If Anne Frank were alive, June 12th would have been her 83rd birthday. What makes this day even more eventful is the birthday present she received from her father 70 years ago.
The gift forever known as the “Diary of Anne Frank”, was given to her just two weeks before she and her family were forced to go into hiding during the Nazi occupation of The Netherlands during World War II.
Her memoirs are not unfamiliar, given the worldwide acclaim of the 1942 book based upon her daily entries while living in secrecy in Amsterdam. In fact, “The Diary of a Young Girl” is considered to be one of the most important books of the 20th century and has been published in over 60 languages. The story of her life has also been re-created into a Pulitzer Prize winning play, two films, a British television mini-series and an opera.
For more than two years, Anne Frank and her family lived in secrecy behind a home along the Prisengracht Canal, and just a short walk from the city’s Westerkerk (western church.) Along with the Frank family – her father Otto, her mother Edith and older sister Margot, four other Jewish refugees lived together in the secret annex. During that span of time, the occupants were able to obtain clothing and food from the handful of friends who knew about the sealed off hideout and sheltered them from Nazi oppression. Following an anonymous tip of the location of the hideout, the refugees were all arrested by a Nazi police force and subsequently transferred to Nazi death camps. Of the eight people who lived in the secret annex, only Anne’s father, Otto was able to survive the Holocaust and later published his youngest daughter’s diary. Anne and her sister were among tens of thousands of people who died of typhus at the Bergen-Belsen concentration camp in Northern Germany. Her mother died from starvation at the infamous Auschwitz concentration camp in Poland in January 1945. Sadly for Anne and Margo, they died just one month before the camp was liberated by the British Army on April 15, 1945. Fifteen days later, Adolf Hitler committed suicide in Berlin and Nazi Germany officially surrendered to the allied forces on May 8, 1945
Today the secret annex is now part of the Anne Frank Museum and although photographs of the annex may not be taken, is open to visitors. Anne Frank’s original first diary is on display at the museum, in addition to several historical exhibits, which include first edition copies from other countries. The museum website also features a 3D rendering of the secret annex. Unfortunately the famous Anne Frank chestnut tree that she often wrote about in her diary was blown down by high winds two years ago.

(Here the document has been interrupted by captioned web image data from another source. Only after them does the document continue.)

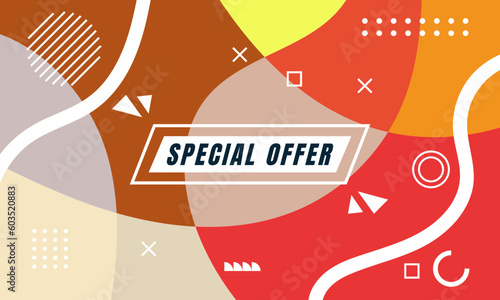 Colorful Abstract Memphis Fluid and Geometric Background. Multi Color Background Template. Modern Design Template For Your ad Banner, Poster, Cover, Web page, Brochure, and flyer. Vector Eps 10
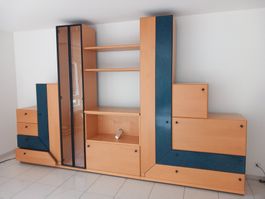 Qualitäts Wohnwand von Möbelgeschäft 360x42xH230cm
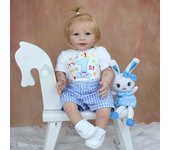 BZDOLL 55 CM Pintura 3D Piel Silicona Reborn Baby Doll Tiene Vasos Sanguíneos Realista 22 Pulgadas Rubia Lisa Princesa Niño Niña Cumpleaños Juguete 55cm 3D-paint Skin Doll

Despite her tragic death, Anne Frank leaves a lasting legacy and a reminder of the shocking atrocities of the Nazis, who may have killed up to an estimated 17 million people. Her legacy is one of inspiration and courage, with the hope that the world will live in peace and never see another Holocaust. As she once wrote in her diary, “How wonderful it is that nobody need wait a single moment before starting to improve the world.”